Justice cannot be done if Britain insists on trying the suspects in Britain or the United States, he said at a news conference during a meeting of Commonwealth leaders here.
Mr Mandela set off controversy this week by visiting Libya en route to Scotland to support Libya's plan for the two men to stand trial in a neutral country.
Britain and the United States are demanding the extradition of the pair, suspected of killing 270 people in the bombing of a Pan Am airliner over the Scottish town of Lockerbie in 1988. The United Nations has imposed sanctions on Libya for more than four years to force compliance.
Mr Mandela said he had not raised the matter with Prime Minister Tony Blair of Britain, but he added: ''I have never thought in dealing with this question that it is correct for any particular country to be the complainant, the prosecutor and the judge at the same time. Justice cannot be said to be done in that situation.''
He noted that British relatives of Lockerbie victims backed a trial in a neutral country, as do some American relatives, as well as the Organization of African Unity, the Arab League, the Islamic Conference and the Nonaligned Movement.
British officials were adamant that there was no question of accepting the Mandela proposal, even if a foreign court abided by Scottish law. ''We believe they should be brought to justice here or in the United States,'' one said.
He said the Government took the views of the relatives seriously but saw ''formidable obstacles'' to a trial in a neutral country. The International Court of Justice in The Hague has been mentioned as one possibility.
It would be necessary for the British Parliament to pass primary legislation, and any third country would struggle to find the expertise in Scottish law needed at short notice to permit a meaningful trial, the officials said.
They said Foreign Secretary Robin Cook had underlined Britain's determination to insure a free trial by inviting representatives of African and Arab countries to come to Scotland to study its legal system and observe the trial.

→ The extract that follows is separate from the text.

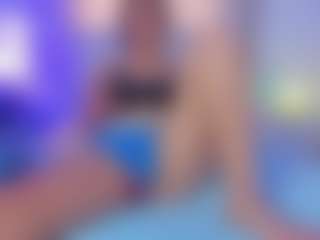 abella-danger09's Live Sex Cam Show
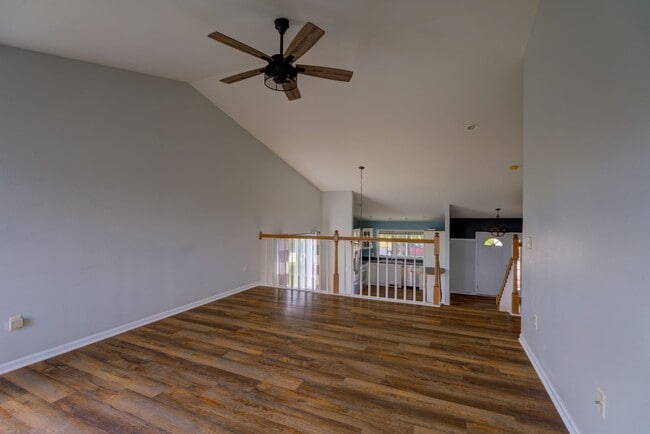 Building Photo - 2770 Sunflower Dr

''We wholly reject any suggestion that it would be an unfair trial,'' Mr Cook told ITN news on Friday. ''Scotland was where the murders took place. Scotland is the place where the trial should happen.''
But Mr Cook will come under further pressure when he meets Jim Swire, the father of one of the victims, on Sunday. ''I will be telling Mr Cook that we should have a trial in a third country under Scots law and that he has been badly advised in his opposition to this,'' Mr Swire told The Scotsman newspaper.
[What follows is an excerpt from an account that I wrote several years ago about the UK Government’s objections to my neutral venue proposal:]
On my return to the United Kingdom [from Libya in January 1994] I submitted the relevant documents [about my neutral venue proposal and Libyan agreement to it] to the Foreign Office in London and the Crown Office (the headquarters of the Scottish prosecution service) in Edinburgh. Their immediate response was that this scheme was impossible, impracticable and inherently undesirable, with the clear implication that Professor Black must have taken leave of what few senses nature had endowed him with. That remained the attitude of successive Lord Advocates and Foreign Secretaries for four years and seven months. During this period the British government's stance remained consistent: United Nations Security Council Resolutions placed upon the government of Libya a binding international legal obligation to hand over the accused for trial to the UK or the US authorities. Nothing else would do. If Libyan law did not currently permit the extradition of its own nationals to stand trial overseas, then Libya would simply have to alter its law (and, if necessary, its Constitution) to enable it to fulfil its international duty.
Over the years British government sources put forward six specific objections to my proposal.
(...)
Objection 2
There would be formidable technical difficulties in implementing the proposal to set up a non-jury court applying Scottish criminal law and procedure but sitting outside Scotland, for example in the Netherlands.
I had always accepted that my proposal would involve the necessity of amending the law. As the law stood, a Scottish High Court judge had no authority to preside over a sitting of the court anywhere outside Scotland. Nor, assuming the trial resulted in a conviction, were Scottish prison governors entitled to incarcerate in their institutions persons other than those committed by the warrant of a duly-constituted UK court. However, I contended that it was not beyond the competence, capabilities and expertise of Scottish parliamentary draftsmen, in consultation with the Crown Office (the body responsible for the running of the Scottish criminal prosecution system) and the officials of The Scottish Office Home Department’s Criminal Justice Division (the Government Department then responsible for criminal law and policy in Scotland) speedily to draft primary or secondary legislation constituting such a court and providing that it should apply all the rules of evidence and procedure applicable to High Court trials in Scotland, save only those relating to the presence and functions of the jury. I also argued that, if such legislation were promoted, it would be unlikely to meet with serious opposition in either House of Parliament; and that both the United Nations and the Netherlands would be willing to cooperate if such a court were established. That I was right about all these matters can be seen from the ease with which, in 1998, the Scottish Court in the Netherlands was eventually set up.